This shows the number of incoming links, the old page rank, the new page rank, the id of the page, and the url of the page. The spdump.py program only shows pages that have at least one incoming link to them.

Once you have a few pages in the database, you can run page rank on the pages using the sprank.py program. You simply tell it how many page rank iterations to run.

How many iterations:2
1 0.546848992536
2 0.226714939664
[(1, 0.559), (2, 0.659), (3, 0.985), (4, 2.135), (5, 0.659)]

You can dump the database again to see that page rank has been updated:

(5, 1.0, 0.985, 3, u'http://www.dr-chuck.com/csev-blog')
(3, 1.0, 2.135, 4, u'http://www.dr-chuck.com/dr-chuck/resume/speaking.htm')
(1, 1.0, 0.659, 2, u'http://www.dr-chuck.com/csev-blog/')
(1, 1.0, 0.659, 5, u'http://www.dr-chuck.com/dr-chuck/resume/index.htm')
4 rows.

You can run sprank.py as many times as you like and it will simply refine the page rank each time you run it. You can even run sprank.py a few times and then go spider a few more pages sith spider.py and then run sprank.py to reconverge the page rank values.

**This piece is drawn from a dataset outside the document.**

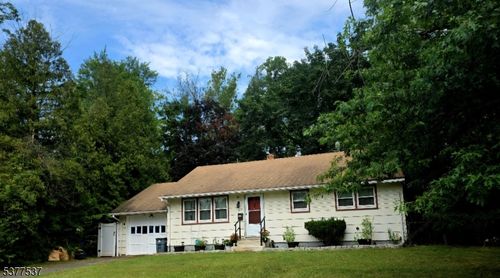 640 Warfield Rd, North Plainfield, NJ, 07063-1636 | Card Image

A search engine usually runs both the crawling and ranking programs all the time.

If you want to restart the page rank calculations without respidering the web pages, you can use spreset.py and then restart sprank.py.

How many iterations:50
1 0.546848992536
2 0.226714939664
3 0.0659516187242
4 0.0244199333
5 0.0102096489546
6 0.00610244329379
...
42 0.000109076928206
43 9.91987599002e-05
44 9.02151706798e-05
45 8.20451504471e-05
46 7.46150183837e-05
47 6.7857770908e-05
48 6.17124694224e-05
49 5.61236959327e-05
50 5.10410499467e-05
[(512, 0.0296), (1, 12.79), (2, 28.93), (3, 6.808), (4, 13.46)]

For each iteration of the page rank algorithm it prints the average change in page rank per page. The network initially is quite unbalanced and so the individual page rank values change wildly between iterations. But in a few short iterations, the page rank converges. You should run prank.py long enough that the page rank values converge.

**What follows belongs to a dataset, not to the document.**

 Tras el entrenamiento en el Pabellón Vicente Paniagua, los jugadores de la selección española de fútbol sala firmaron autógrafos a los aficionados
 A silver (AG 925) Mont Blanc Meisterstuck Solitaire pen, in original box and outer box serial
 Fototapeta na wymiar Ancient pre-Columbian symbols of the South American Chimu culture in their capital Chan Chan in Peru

If you want to visualize the current top pages in terms of page rank, run spjson.py to read the database and write the data for the most highly linked pages in JSON format to be viewed in a web browser.

Creating JSON output on spider.json...
How many nodes? 30
Open force.html in a browser to view the visualization

You can view this data by opening the file force.html in your web browser. This shows an automatic layout of the nodes and links. You can click and drag any node and you can also double-click on a node to find the URL that is represented by the node.

If you rerun the other utilities, rerun spjson.py and press refresh in the browser to get the new data from spider.json.

15.3  Visualizing mail data

Up to this point in the book, you have become quite familiar with our mbox-short.txt and mbox.txt data files. Now it is time to take our analysis of email data to the next level.

In the real world, sometimes you have to pull down mail data from servers. That might take quite some time and the data might be inconsistent, error-filled, and need a lot of cleanup or adjustment. In this section, we work with an application that is the most complex so far and pull down nearly a gigabyte of data and visualize it.

You can download this application from:

www.py4inf.com/code/gmane.zip

We will be using data from a free email list archiving service called www.gmane.org. This service is very popular with open source projects because it provides a nice searchable archive of their email activity. They also have a very liberal policy regarding accessing their data through their API. They have no rate limits, but ask that you don’t overload their service and take only the data you need. You can read gmane’s terms and conditions at this page:

http://gmane.org/export.php

It is very important that you make use of the gmane.org data responsibly by adding delays to your access of their services and spreading long-running jobs over a longer period of time. Do not abuse this free service and ruin it for the rest of us.

When the Sakai email data was spidered using this software, it produced nearly a Gigabyte of data and took a number of runs on several days. The file README.txt in the above ZIP may have instructions as to how you can download a pre-spidered copy of the content.sqlite file for a majority of the Sakai email corpus so you don’t have to spider for five days just to run the programs. If you download the pre-spidered content, you should still run the spidering process to catch up with more recent messages.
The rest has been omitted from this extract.